14842543351821116976407

Alors, n'y tenant plus, il se retire brusquement. L'attrape par la nuque, sentant ses cheveux le fouetter au passage, il est presque fou, hors de lui, il la veut comme jamais il n'a voulu une femme, pas même la sienne, il la veut toute entière, là, maintenant, tout de suite. Il la fait reculer jusque dans son bureau, pousse la porte d'un coup d'épaule, la tenant toujours, à demi-nue, Dieu que sa beauté le bouleverse, fragile comme une adolescente, et pourtant son regard plus dur que l'acier le clouerait sur place s'il n'était si excité, comment ose-t-il il ne sait pas, tout ce qu'il sait en cet instant c'est qu'il la veut juste pour lui, rien qu'à lui, la posséder, la faire sienne, la faire hurler de plaisir.

Il a refermé la porte. En plus, il y a l'autre porte, double et capitonnée, celle de son bureau à elle par lequel il faut passer si on veut atteindre le sien. Et cette double porte est fermée à clef. Ils sont seuls. A cette heure, personne n'erre plus dans les immenses couloirs de la bâtisse, il reste juste le service de sécurité devant les portes fermées de l'établissement. Ils sont seuls au monde.

Elle le regarde toujours, elle ne peut pas détacher ses yeux de lui, elle est comme fascinée par ce corps enfin à sa portée qu'elle a désiré si longtemps, qu'elle a dénudé chaque jour en pensée, platoniquement, sans même penser autre chose que ce plaisir imaginaire. Et maintenant il est réel. Il est là. Il vient de la prendre et il va la prendre encore jusqu'au bout. Jusque tout au bout elle sait.

- R...Vous êtes beau. 

Quand va-t-elle se permettre un tu, un seul ?...Il veut la faire sortir totalement de sa réserve, la voir échevelée, trempée de sueur, le suppliant, le tutoyant, prête à tout. Il se demande comment elle a fait pour en arriver là avec lui, juste avec son regard, avec son corps, avec son souffle, avec sa voix. 

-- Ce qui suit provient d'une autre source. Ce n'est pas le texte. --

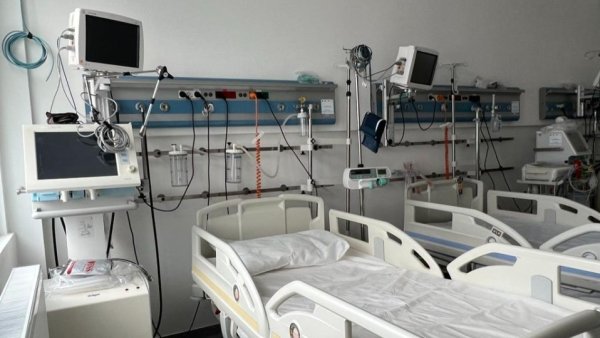 România, printre țările din UE cu cea mai mare mortalitate din cauza bolilor cardiovasculare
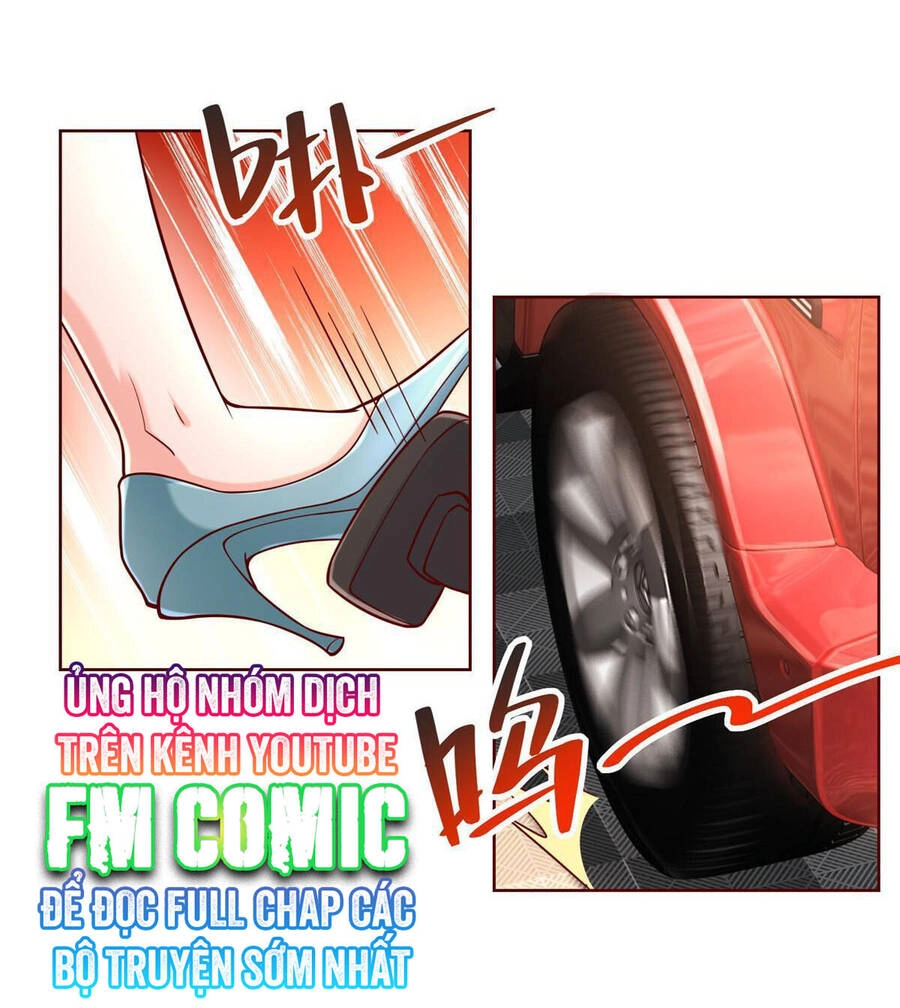 Mỗi Tuần Ta Có Một Nghề Nghiệp Mới Chapter 190 - 17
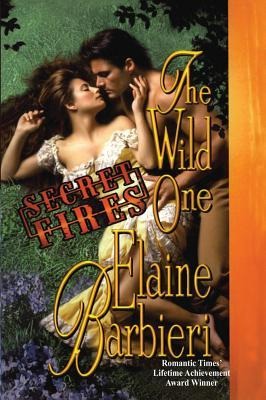 The Wild One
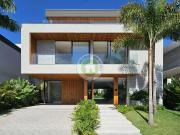 Casa / Sobrado em Condomínio para Venda em Rio de...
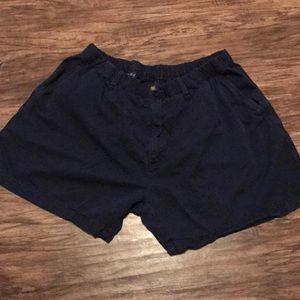 Men's Chubbies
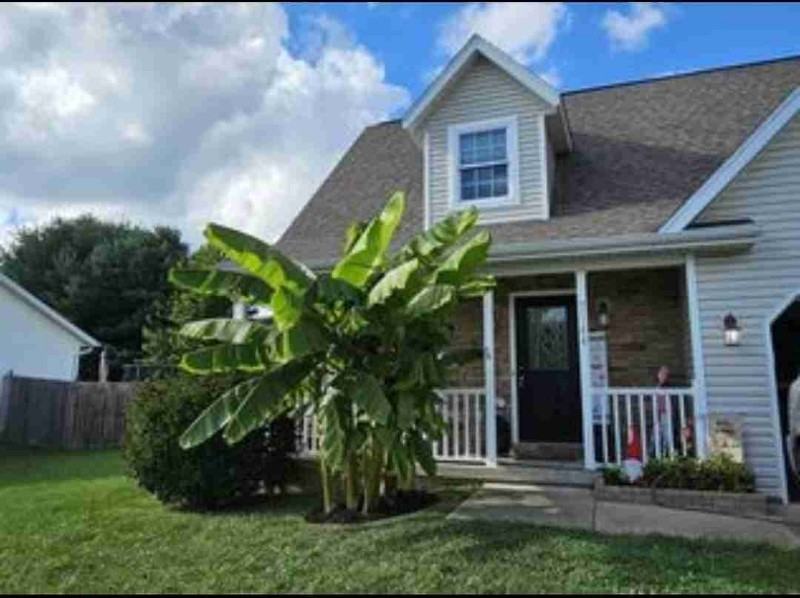 7144 W Capstone Cir - Photo 2 of 18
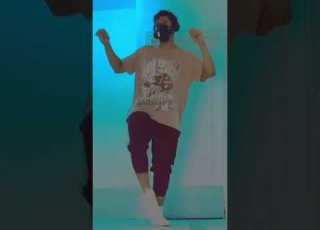  ة اغنية اوله Dance Unle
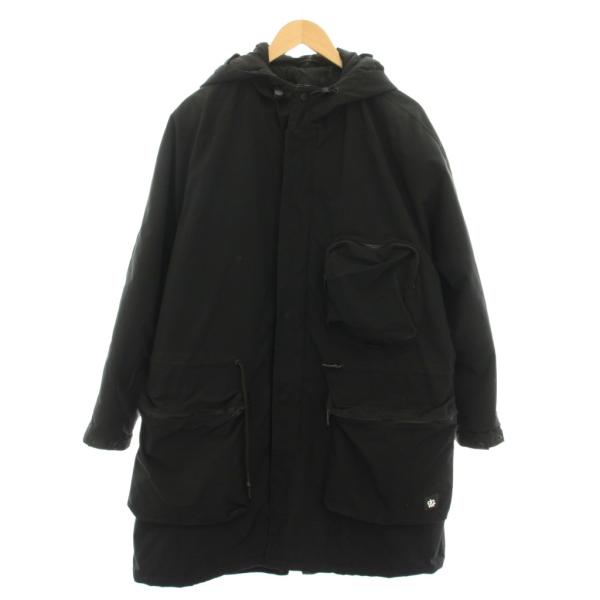 vectorpremium_081-902512250022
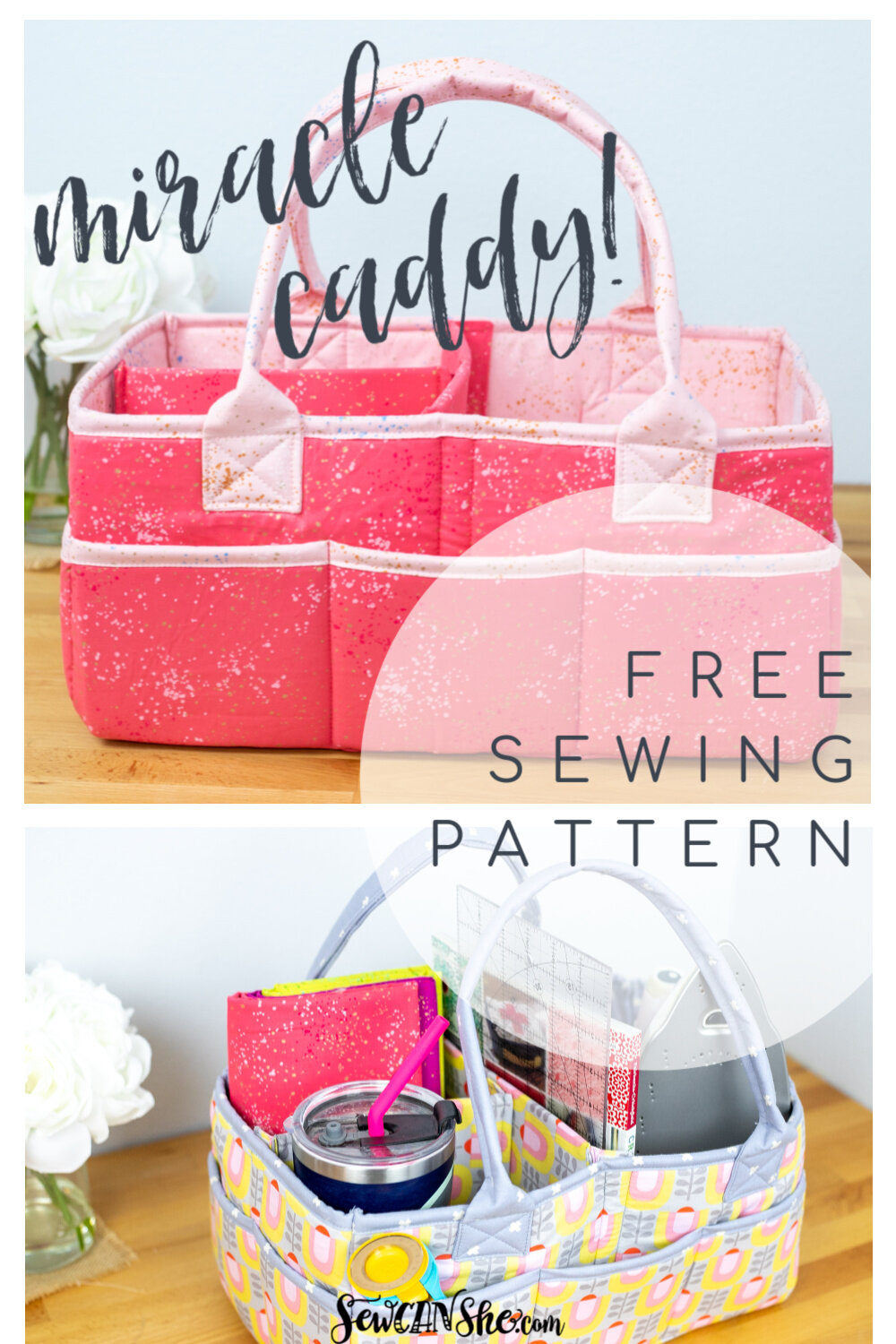 /static/QGcwV/miracle caddy free sewing pattern.jpg?d=b5a7f2989&m=QGcwV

Il la pousse brutalement contre le bureau, elle trébuche, sa jambe droite s'écarte légèrement,elle se rattrape, mais déjà il l'a pénétrée d'un coup sec, violent, terrible, et il craint confusément de lui faire mal, mais non, elle a ployé légèrement l'échine et la tête, a jeté un petit cri de bête surprise, et maintenant il sent son souffle, alors qu'il passe une main audacieuse sur ses petits seins tous durs, gonflés, des seins d'adolescente exactement.

- V...Je te veux tu entends, je te veux !...

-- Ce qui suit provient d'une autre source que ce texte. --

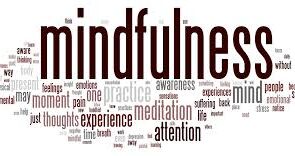 Mindfulness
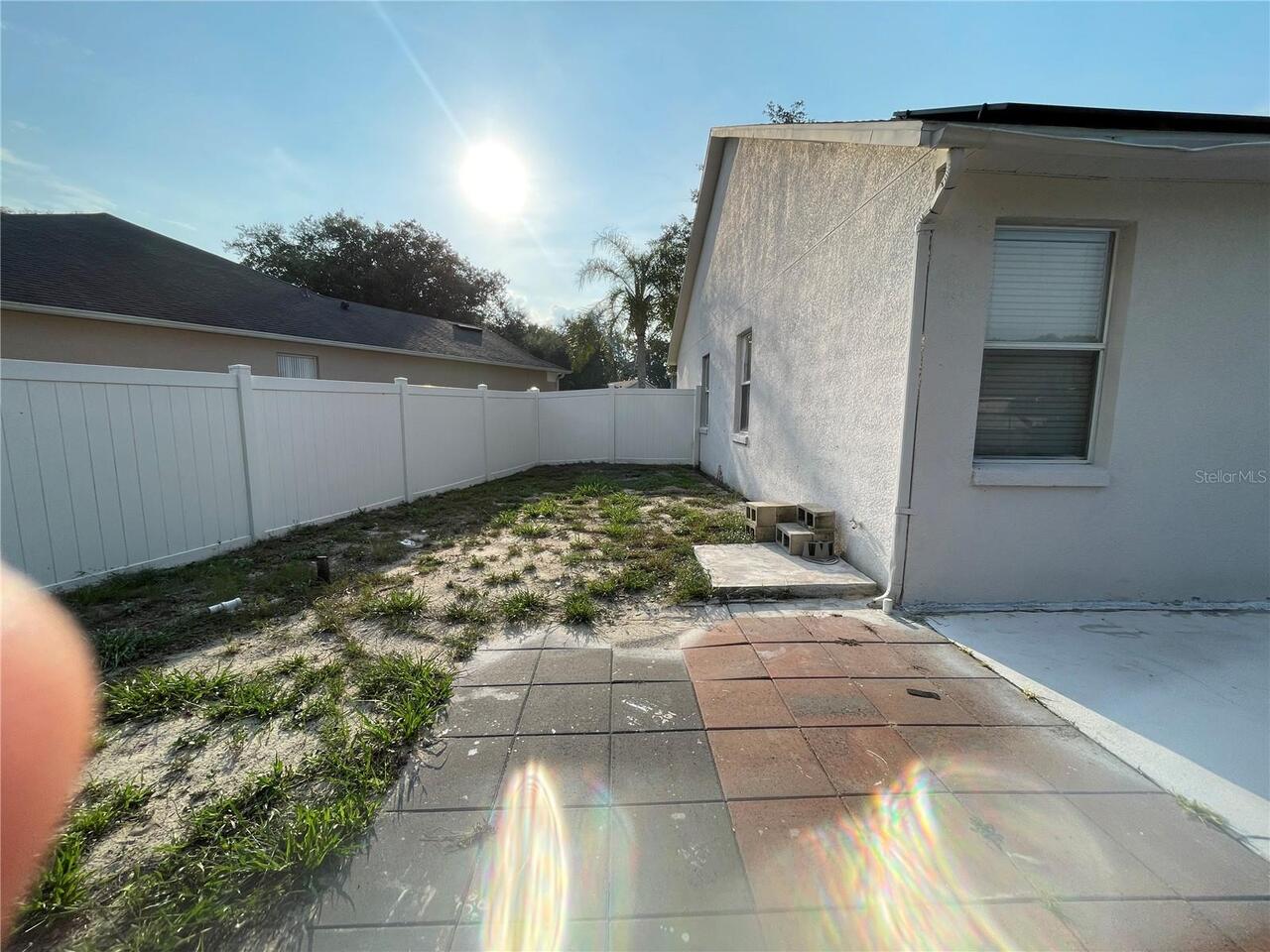 Listing Photo 25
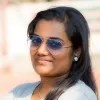 shameena Rizwan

Ses coups de boutoir sont terribles, il la pilonne avec une violence telle qu'il s'en croyait incapable, comment se fait-il aussi qu'elle encaisse tout comme ça, qu'elle l'appelle même, encore, toujours plus loin ?...Jusqu'où vont-ils aller se dit-il alors qu'il sent son petit corps chaud contre lui, et au plus profond de lui-même sa raison vaciller lorsqu'enfin, à bout de forces mais le défiant encore, elle se retourne un peu et hurle soudain :

- R !...Maintenant ! Viebns !...Je t'en prie viens !...Toi !...Toi !...Viens !...

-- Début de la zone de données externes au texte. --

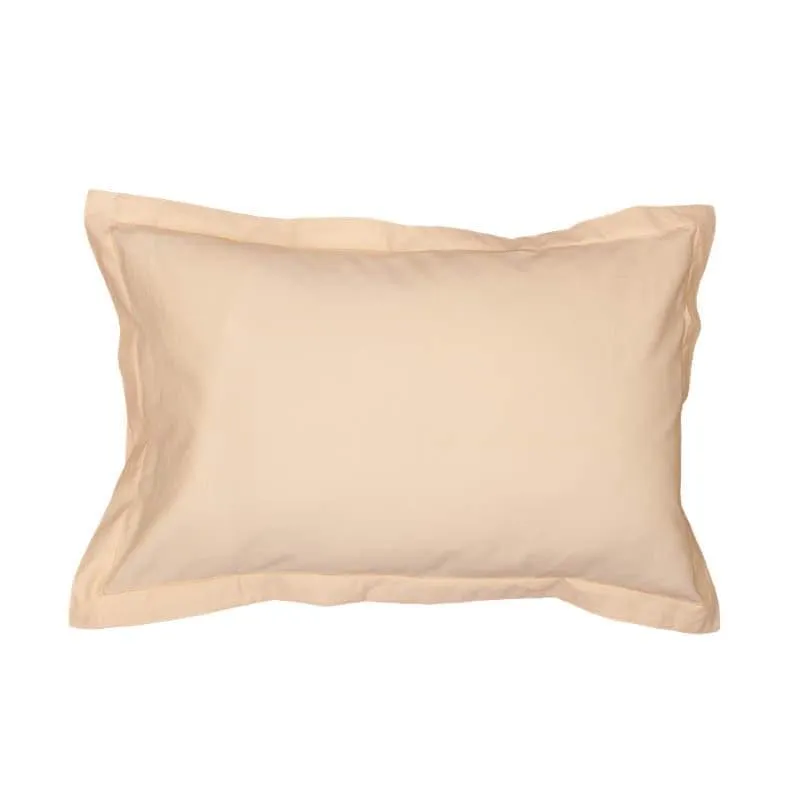 Ginger Pillow - Beige media 3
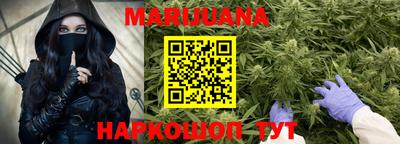 амф Кингисепп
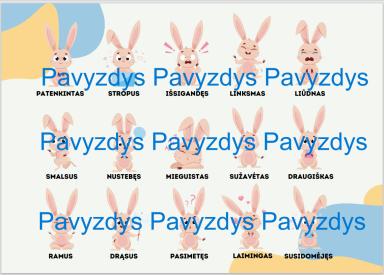 Plakatas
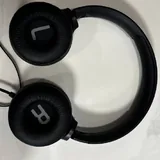 JBL Tune 500 проводные наушники 3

Une fraction de seconde son regard brûlant plonge au fond de ses yeux à lui, alors qu'il n'arrive plus à s'arrêter, il continue, continue, plus loin, comme elle a demandé, plus fort, là où ils sont à jamais seuls tous les deux loin de ce monde. 

Et soudain, l'éclair déchire la nuit. Elle se met à crier. Un cri long qu'il étouffe tant bien que mal de sa main, elle le mord, il sent ses petites dents très fort dans sa peau le meurtrir, ses ongles s'enfoncer dans sa peau, il sent l'infini plaisir, la délivrance enfin en elle, tout au fond d'elle, l'infini existe et c'est elle, c'est là, le ciel sombre en un amas d'étoiles explosées, il a un râle terrible d'animal qu'il ne savait pas même exister en lui.